Wednesday, December 20, 2006

This morning I was again thinking about unity - and reading the same passages in Philippians again. They're awesome! It's certainly got me thinking about what authentic Christian community should be (although that sounds like a statement riven with jargon) and how the small decisions that we make on a day-to-day basis can affect the people in our sphere of experience. I know that I need to work at a few friendships in the next few months, certainly. There's a few people that I really haven't made the time for over the past few months, and I regret that, in a way, although it hasn't felt like a conscious choice; at times it's been one of necessity as I've been (or have felt I've been) so busy. I'm not naturally especially active and I tend to spend a lot of time thinking and reflecting on things, so to feel like I'm 'on the go' all the time is quite stressful for me, and I need to maybe learn a few new ways to cope with that.

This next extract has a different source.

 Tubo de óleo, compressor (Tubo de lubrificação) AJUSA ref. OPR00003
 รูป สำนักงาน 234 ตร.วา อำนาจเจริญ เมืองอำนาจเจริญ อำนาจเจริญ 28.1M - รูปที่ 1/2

I'm researching an essay on Homi K. Bhabha at the moment. My question is to be on his theory of the 'ambivalent temporality of modernity' and how this can provide a platform for a (crucially) resistant cultural critique. I've looked at an extract from his book 'the location of culture' and this afternoon I was in the library to take out the whole thing. Hopefully reading in a little more depth over the subject should help out a bit.
I find what he says really interesting. Essentially he seems to posit simple binary divisions like black/white, East/West, inside/outside, as providing an inadequete conceptual framework for any attempt to address the problem of the representation of the 'Other' within culture. He seems to be asking the question of how a simple process of reversal can counter the implicit injustices of colonialism, and advocates a very different understanding of the concept through a 'temporal' rather than 'spatial' understanding.
I need to get on with this work, as I have two 3000 word essays to hand in immediately after the Christmas vacation, on top of my dissertation work.

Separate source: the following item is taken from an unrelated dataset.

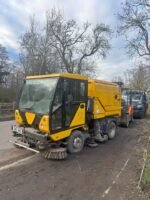 2012 SCARAB MINOR DIESEL ROAD SWEEPER - Image 2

I've been looking at different parts of Philippians today, in a couple of different translations. I'm hoping to start learning basic New Testament Greek at some point in the new year which I'm really up for at the moment. I'm aware ancient Greek isn't exactly the easiest language to 'pick up', as it were, but am willing to give it a shot!
The two passages that have stood out so far have been in chapter 2, verses 1-4 which the NIV has thus:
"If you have any encouragement from being united with Christ, if any comfort from his love, if any fellowship with the Spirit, if any tenderness and compassion, then make my joy complete by being like minded, having the same love, being one in spirit and in purpose. Do nothing out of selfish ambition or vain conceit, but in humility consider others better than yourselves. Each of you should look not only to your own interests, but also to the interests of others."

Just reading that helps me to have a clearer picture of what Christian love is, or can and should be. People often talk about 'service or a servant-heart', but reading that passage reminds me what it might look like in practice. We aren't just to treat a select group of good friends with love and compassion and care (words that, even as I write them, seem so stripped of meaning and divorced from the concept that they indicate) as Jesus says in Matthew 5:46 and Luke 6:32-33 (both of which state something very simillar), but to act towards all people that we come into contact with with love and generosity.

Christian unity, human unity, are nice concepts that can be neatly packaged, but putting them into practice is what really counts. I've always kinda felt that that works best on whatever level you find yourself at; it isn't just about having some kind of massive 'ministry', but doing something simple to make someone else's life even slightly better. I guess it's about being aware of the small things, as well as the big; it's no good helping out at a local mission and then coming home and treating your family or whoever you live with badly; it's no good being impeccably polite to people at a Missions Week event and then being dismissive of that coursemate you'd rather not spend time with today.